★★文藝春秋
上下2巻。算盤篇、論語篇という副題がついてます。
鹿島茂という人、フランスものでは面白いものをたくさん書いてるんですが、こういう伝記・評伝みたいなものも手がけているとは知らなかった。
渋沢栄一というわけのわからない人物を読み解くカギは「サン・シモン主義」なんだそうです。よく知りませんが、ナポレオン3世の時代、フランスではこのサン・シモン主義者が我が世を得ていた。そもそもナポレオン3世がそうだったともいいます。
サン・シモン主義、空想的社会主義ということになってますが、かなり乱暴にいうと、自由に利益を追求させ、その活動や流通を可能な限りスムーズにしてあげれば、きっと素晴らしい社会が生まれる・・・というふうなものらしい。

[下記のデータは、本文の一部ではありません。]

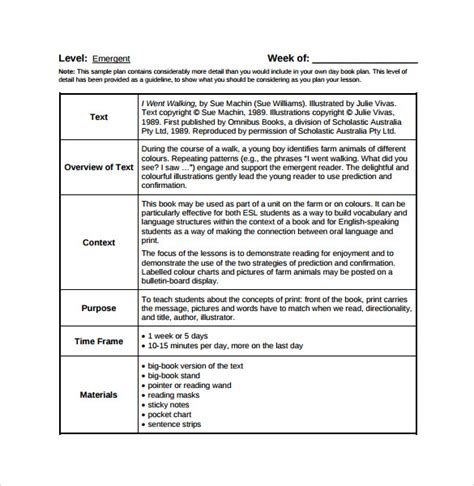 Sample Example And Format Templates 13 Kindergarten Weekly Lesson Plan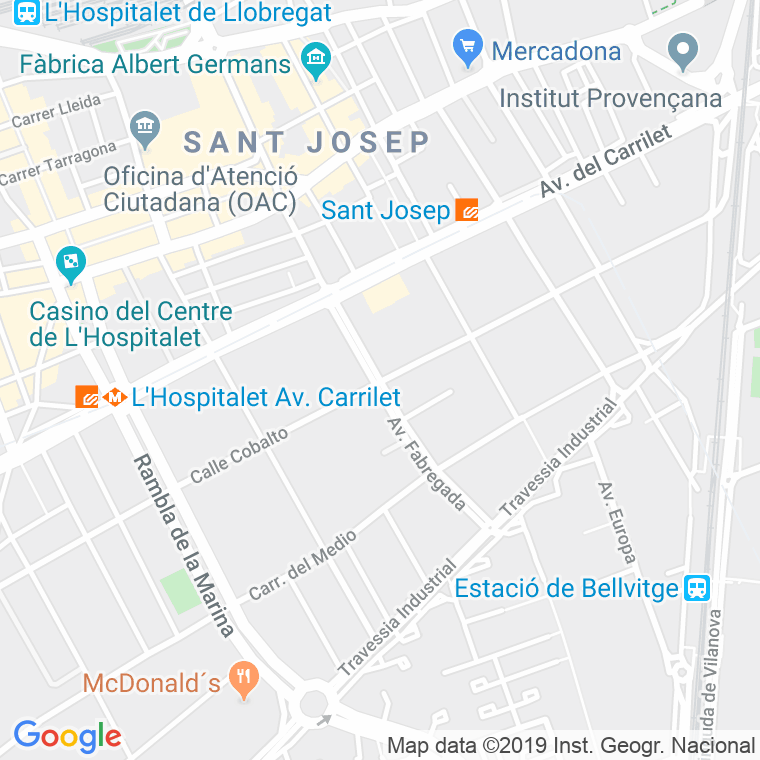 Código Postal calle Fabregada, avenida (Impares Del 85 Al Final)  (Pares Del 54 Al Final) en Hospitalet de Llobregat,l'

責任はもてませんが、きっとそういうことなんでしょう。そういう社会を実現するためには共和主義でもいいし、専制でもいい。頭に何がのっかっていても関係なし。
で、渋沢栄一はパリ万博の渡欧の際にこの思想というか実践社会に触れて大感動。以後はひたすら「政府の干渉を排除・商人の自由な活動を援助」という姿勢でつらぬいた。そのためには銀行も必要だしガス会社も必要、あれもこれも必要。ニッポン資本主義の神主みたいな人ですわな。
生涯につくった会社や組織が何百だか何千だか。正直、わけのわからんです。でも確かに明治の日本に大方向を与えた人ではあるらしい。
というような輪郭がぼんやりわかっただけでも、この本を通読した甲斐があった。ほとんど飛ばし読みでしたけどね。